Siendo el Hijo, cumplió a la perfección la obra que le había confiado el Padre. Él considera esta obra tanto del Padre como suya. Ante todo, es la obra del Padre, porque tuvo la iniciativa y continúa guiándola. El Padre puso esta obra en las manos de su Hijo, pero es Él quien la domina y la lleva a término.
Jesús reconoce en el Padre a Aquel que ha trazado el camino del sacrificio como vía de salvación. Él no quiere negar la responsabilidad de los hombres en su condena a muerte. Pero, en el drama que se prepara, discierne la acción soberana del Padre que, aún respetando la libertad humana, guía los acontecimientos según un designio superior.
En Getsemaní Él acepta la voluntad del Padre, y en el momento del arresto, al ordenar a Pedro que meta la espada en la vaina, indica el motivo de su docilidad: "El cáliz que me dio mi Padre, ¿no he de beberlo?" (Jn 18, 11).
Toda explicación del acontecimiento del Calvario, mediante causas simplemente históricas, sería insuficiente.

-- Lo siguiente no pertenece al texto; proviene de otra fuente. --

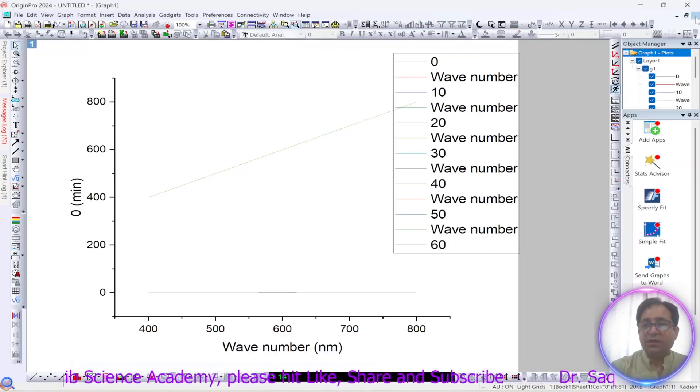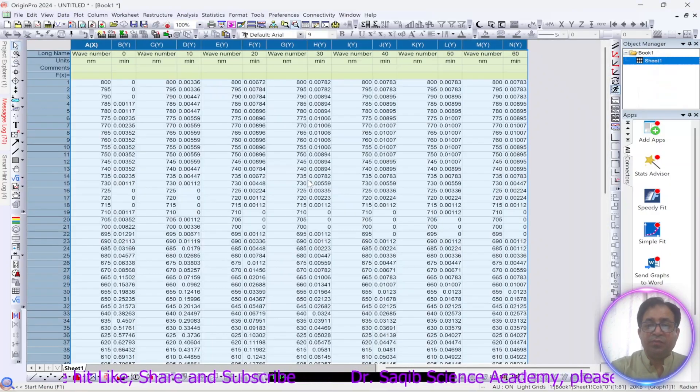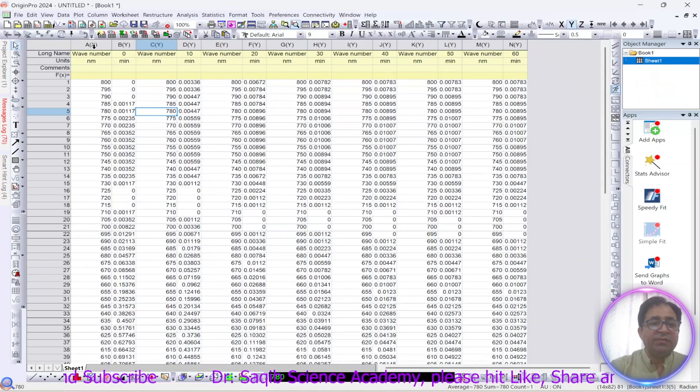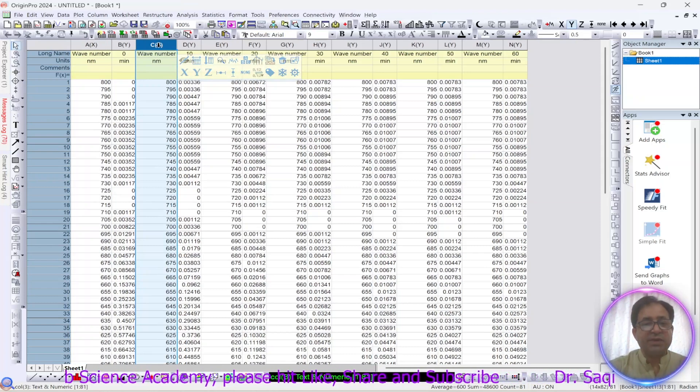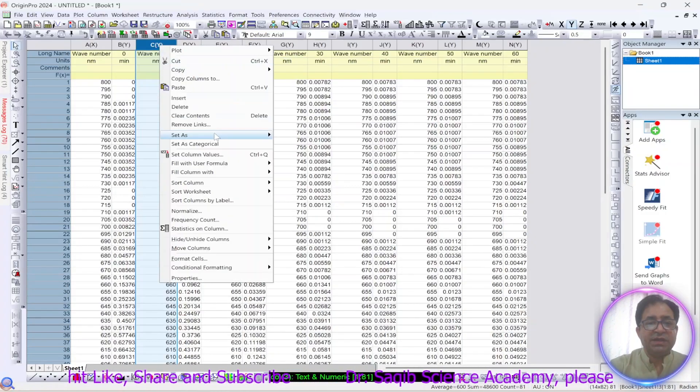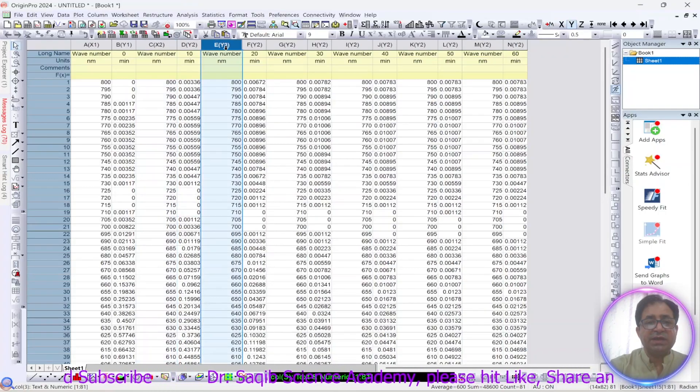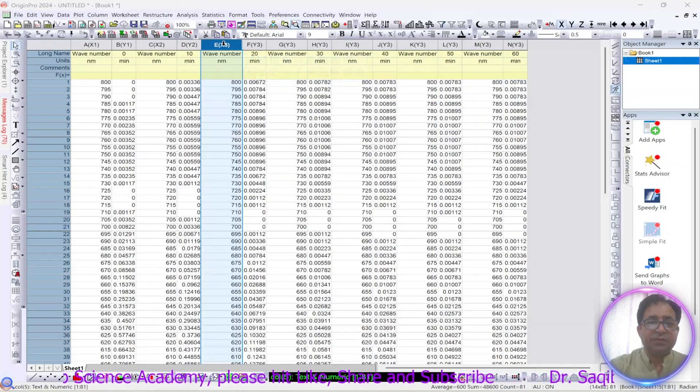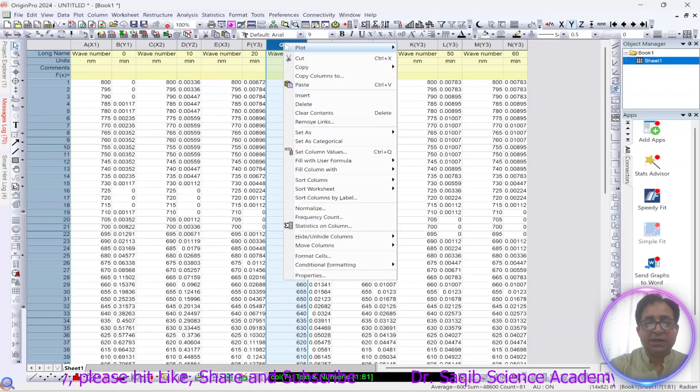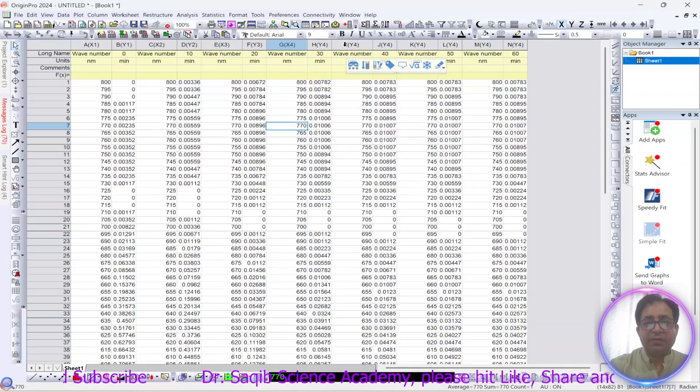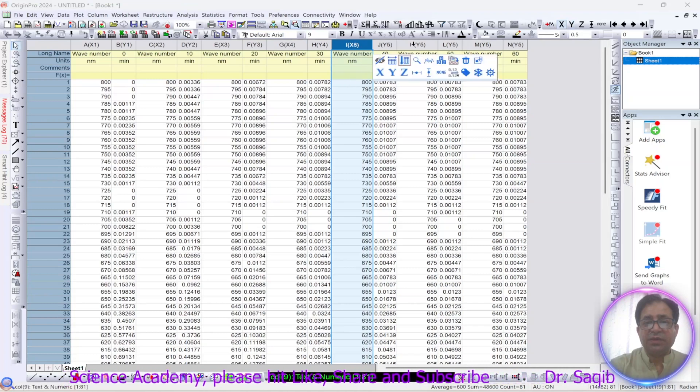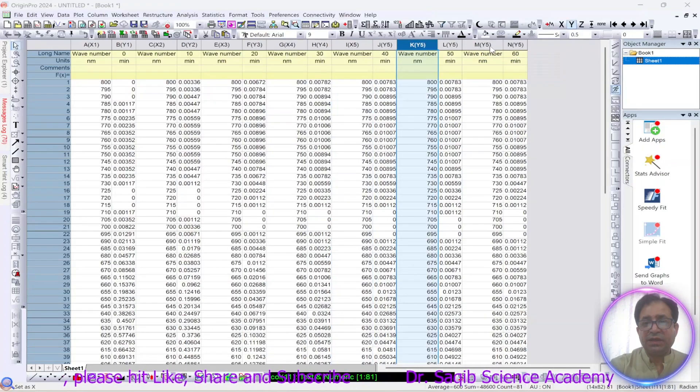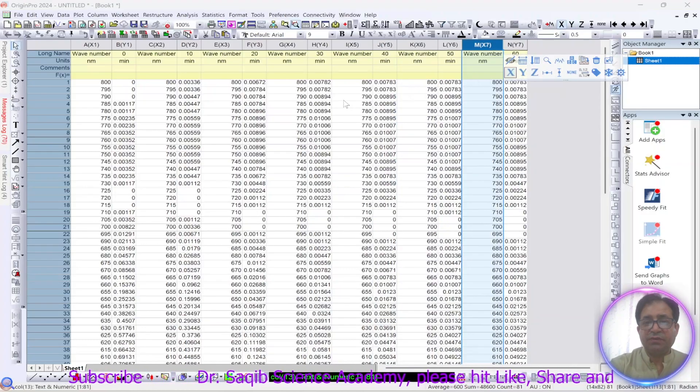Okay, one thing which we forgot most of the time is that whenever the wave number, as we know it is always on x axis. You can use the same wave number or you can just directly set it as x. In older version of Origin you have to select this one, right click and then set it as x, but in newer version you can just put the cursor over here and it will show you what you want to do. So just select x axis if you are using the latest version.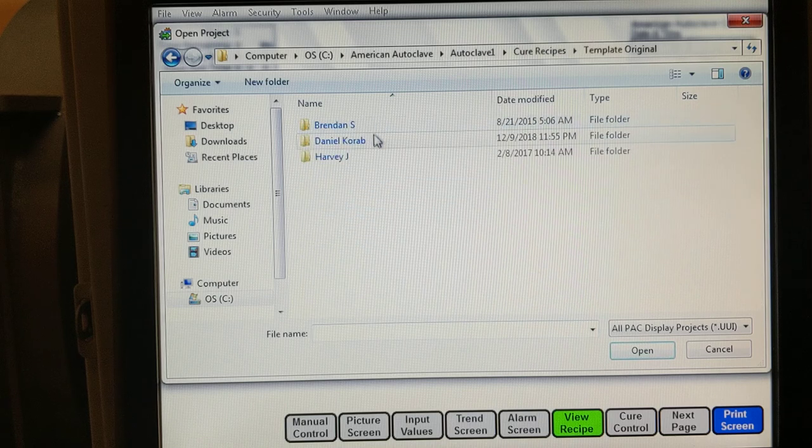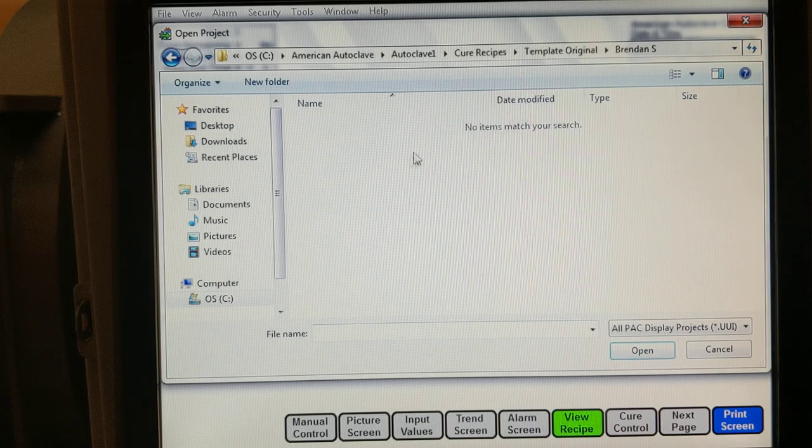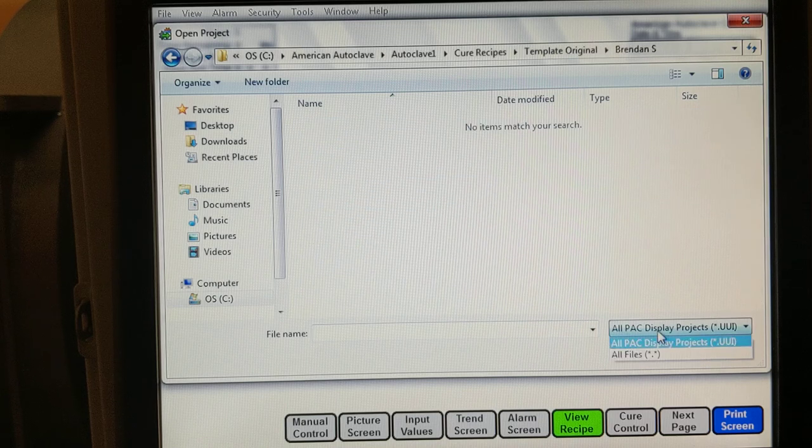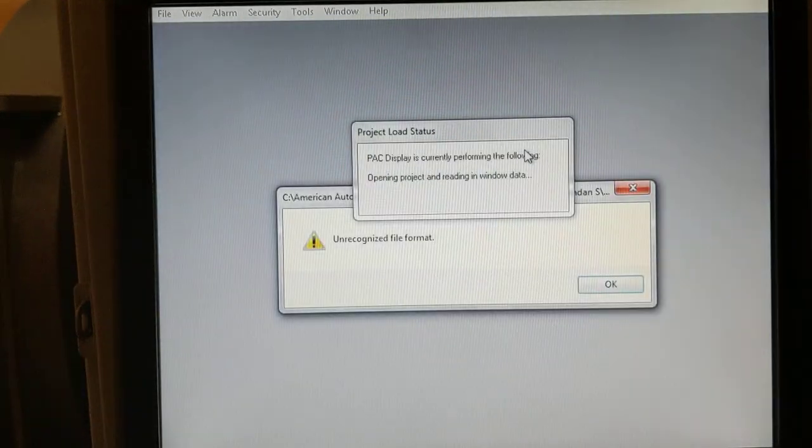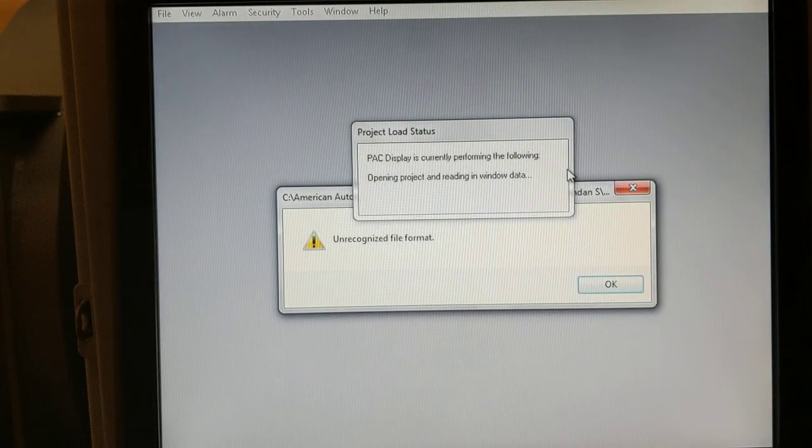I'll show you what happens. I'm trying to open the same thing. We end up with an error message, and the interface is gone.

El sacrificio redentor no es debido a los que condenaron a Jesús, sino al Padre que tomó la decisión de procurar la salvación a la humanidad mediante este camino.
3. Este misterio siempre nos sorprende, porque los hombres que escuchan la buena nueva no pueden dejar de preguntar: ¿Por qué el Padre eligió el sacrificio como medio de liberación de la humanidad?
¿No adquiere Él un rostro cruel, mandando al Hijo al sacrificio? ¿No hay en esto una manifestación de excesivo rigor?
La respuesta de la revelación es precisa: lejos de ser un acto de crueldad o de severidad rigurosa, el gesto del Padre, que ofrece al Hijo en sacrificio, es la cumbre del amor: "Tanto amó Dios al mundo que le dio su unigénito Hijo, para que todo el que crea en Él no perezca, sino que tenga la vida eterna" San Juan, que refiere estas palabras en el Evangelio (3, 16), las comenta en su primera Carta: "En esto está el amor, no en que nosotros hayamos amado a Dios, sino en que Él nos amó y envió a su Hijo, como propiciación por nuestros pecados" (1 Jn 4, 10).
El Padre ha querido un sacrificio de reparación por las culpas de la humanidad, pero Él mismo ha pagado el precio de este sacrificio, entregando a su Hijo. Con este don ha mostrado en qué medida Él era Salvador y hasta qué punto amaba a los hombres. Su gesto es el gesto definitivo del amor. Por lo cual, el misterio pascual es "el culmen de la revelación y actuación de la misericordia" de Dios (Dives in misericordia, 7).
Nunca debemos olvidar que nuestra reconciliación ha costado al Padre un precio tan alto. ¿Y cómo no darle gracias por este amor que nos ha traído, con la salvación, la paz y la alegría?
Saludos
Amadísimos hermanos y hermanas:
Saludo cordialmente a cada persona, familia y grupo de lengua española que participa en esta Audiencia.
En particular dirijo mi saludo a los miembros de la peregrinación procedente de Barcelona y a los grupos de estudiantes del Colegio de la Institución Teresiana de Santander; y del Colegio de las Irlandesas de Lejona, que traen el entusiasmo propio de los jóvenes.
Estando en el Año Santo, os invito a todos –de acuerdo con las palabras de la lectura que hemos escuchado antes– a reconciliaros con Dios, a romper las cadenas del pecado y vivir en la amistad con El. Cristo pagó por nuestras culpas mediante el sacrificio de su vida. Ello debe impulsarnos a amar profundamente a Dios, que antes nos amó en Cristo y nos rescató con su sangre. A todos os bendigo, así como a vuestras familias.